Depuis le quasi-mythique « Trio Violon » et sa « Concordance des Temps » parue comme un miracle discographique en 1991, sortant un improbable répertoire violonistique du silence torpide dans lequel il était jusqu’alors plongé, bien des publications ont été consacrées aux pratiques du violon sur le plateau de l’Artense : des recueils, des portraits, des enquêtes sur des personnages comme Léon Peyrat, Alfred Mouret, Joseph Perrier… L’intérêt pour ce répertoire et le style ornemental qui l’accompagne semble alors intarissable. Pour ne citer qu’eux, Olivier Durif et Jean-Pierre Champeval ont fait leur come-back avec « Les Rochers du Viallaneix », Phillipe Ancelin et Pierre Fey nous ont servi «l’Oreille du Lièvre», les parisiens de « Dzouga ! » nous ont également montré tout leur amour pour ce répertoire et le « Duo Artense » en est au mixage de son deuxième album…
Il reste que l’épaisseur de cette musique, avec ses modes si particuliers, tamise toute évidence possible dans les inextricables détours mélodiques toutefois ressassés par les violoneux d’hier et d’aujourd’hui. C’est cette évidence du mystère, de la densité insondable, que Clémence et Noëllie allongent sur les quinze pistes d’un disque d’une fluidité saisissante. Bien sûr, il y a la danse dans l’évidence, comme un rapport à la générosité joué d’avance ; il y a la danse dans la densité aussi, un équilibre ancestral qu’entretient la finesse suprême des arrangements, car ce ne sont que des coups d’archets, des vitesses, des pressions, des suspensions, des vides… Peut-être parfois l’invocation sensuelle d’harmonies classiques, bourdonneuses ou de frottements monodiques, qui viennent illuminer l’ombre du monstre Artensier sacré, ce répertoire imprenable qui pourrait finalement bien plutôt se mesurer aux petits bouts de clarté qui en émanent plutôt qu’à la taille de sa noirceur…

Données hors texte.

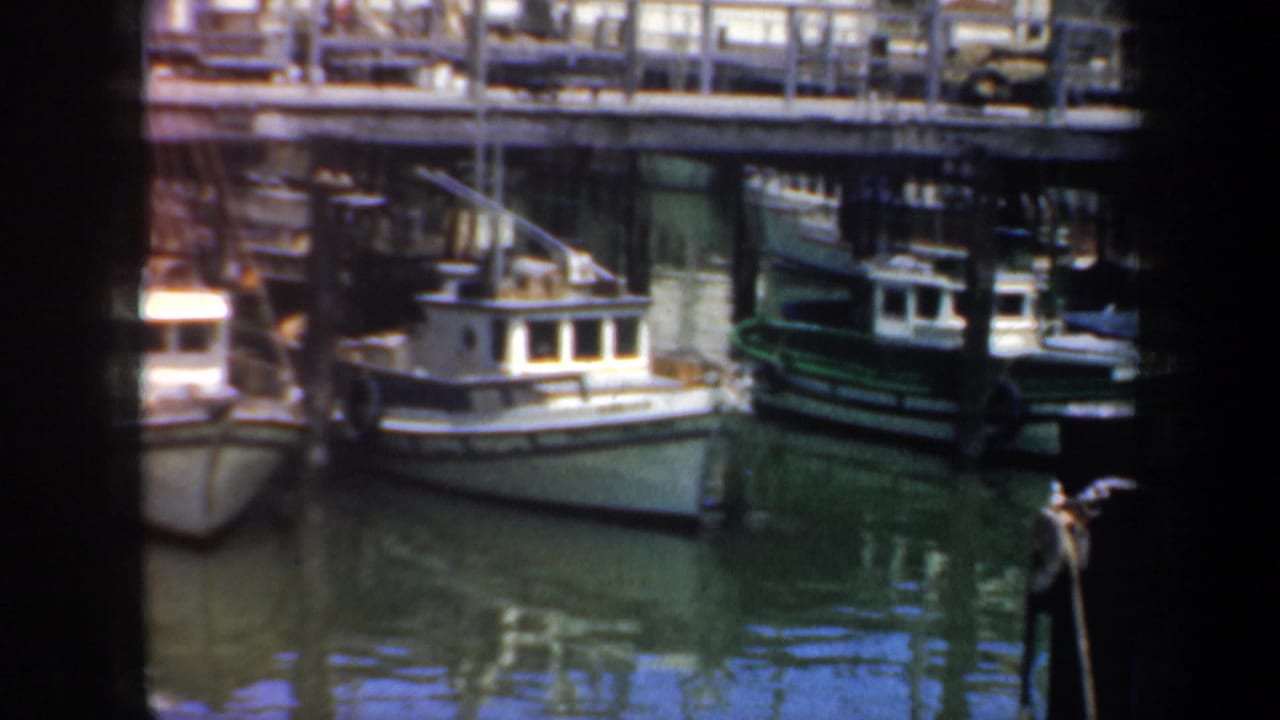 1957 San Francisco harbor view with small moored boats, dock railings, pilings and reflections on calm water.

Mais si la cadence est offerte avec brio, les Poufs à Cordes paraissent s’installer comme naturellement, confortablement dans les airs séculaires qui frémissent de l’écorce, lorsque est susurrée l’incantation primitive et profonde qui en fera jaillir la sève intérieure. Toujours un sursaut, qui doit tenir d’une élégance ancrée bien fort, vient les déjouer de l’attitude facile qui consisterait à se vautrer dans l’énergie « locomotive » des morceaux dont la beauté à vapeur nous enivre. A aucun moment la forêt ne s’écarte pour se plier au tracé du chemin de fer. Ce disque, un des meilleurs du genre, est une longue marche à la lisière du sauvage, traversant clairières, bois noirs et ruisseaux, une oeuvre accomplie par le mouvement du cœur, qui vient battre souvent en échos avec le chemin déjà parcouru.
Alors tremble en tout lieux la danse des corps contents, comme a pu vibrer la concordance des temps, et de même que le chemin n’arrive jamais.